Supplied information =>
▶
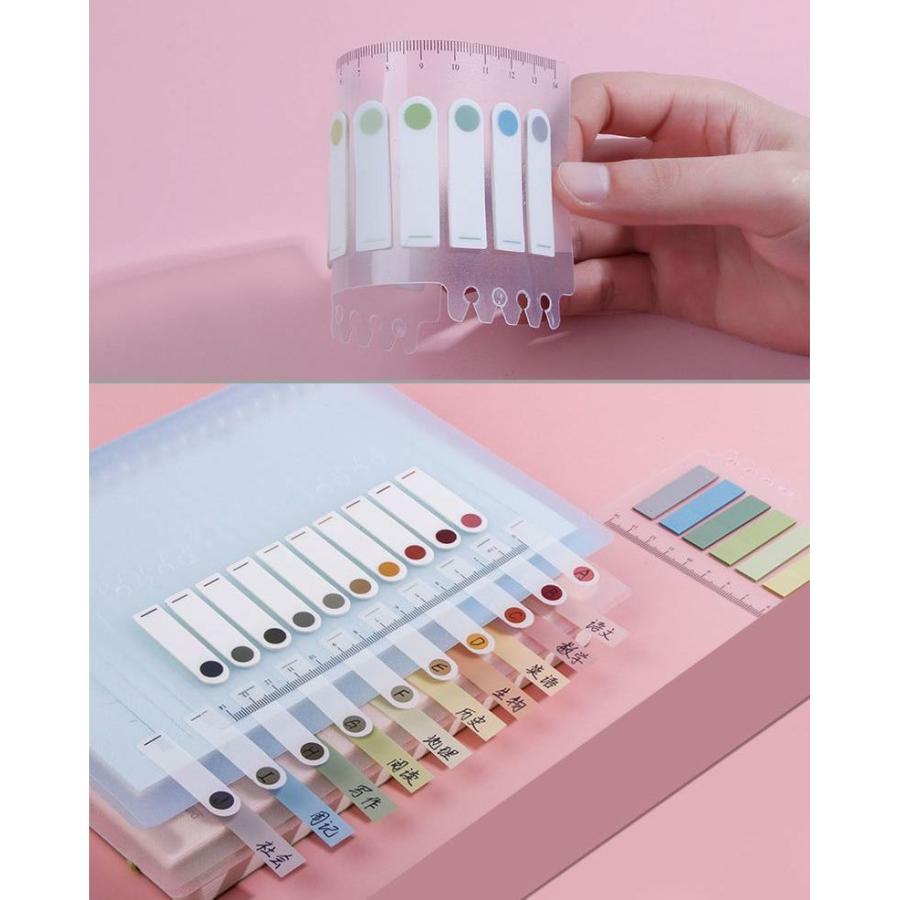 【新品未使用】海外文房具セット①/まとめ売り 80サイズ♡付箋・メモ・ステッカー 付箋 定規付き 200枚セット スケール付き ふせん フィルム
◀
▶
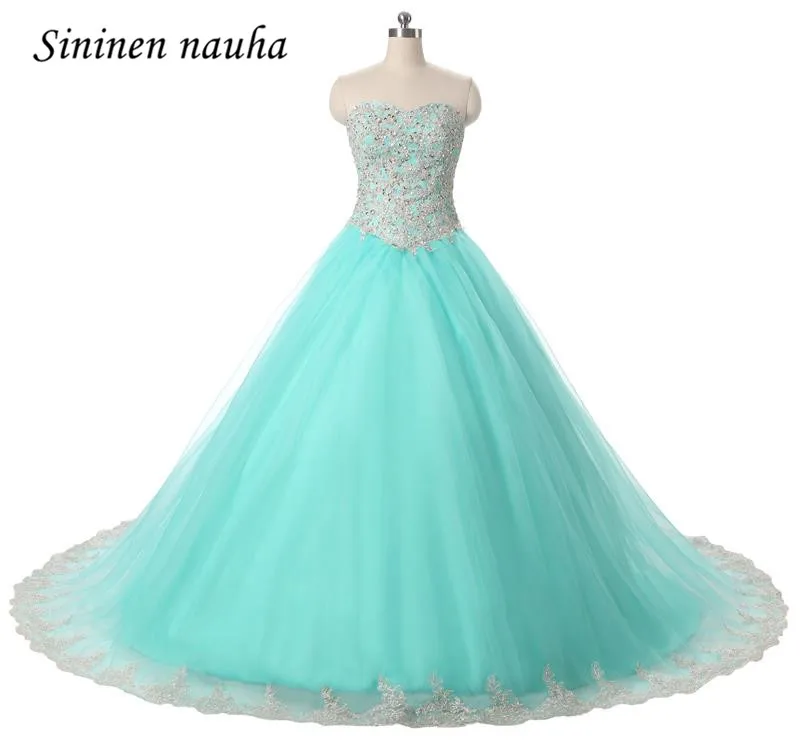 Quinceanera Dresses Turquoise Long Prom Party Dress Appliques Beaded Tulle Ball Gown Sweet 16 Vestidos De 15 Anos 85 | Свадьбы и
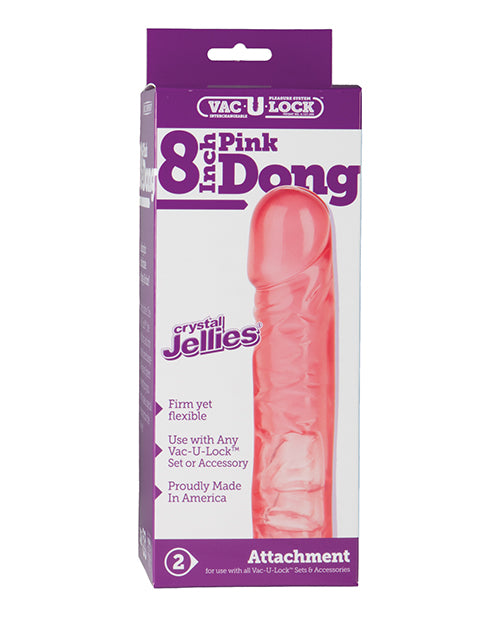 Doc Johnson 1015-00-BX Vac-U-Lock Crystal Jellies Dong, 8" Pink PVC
◀
Instructions to follow => In the listing above, find the line containing "Quinceanera Dresses Turquoise" and the line containing "Doc Johnson 1015-00-BX", then return both of them and every line between, exactly, without pictures.

Exercise result =>
 Quinceanera Dresses Turquoise Long Prom Party Dress Appliques Beaded Tulle Ball Gown Sweet 16 Vestidos De 15 Anos 85 | Свадьбы и
 Doc Johnson 1015-00-BX Vac-U-Lock Crystal Jellies Dong, 8" Pink PVC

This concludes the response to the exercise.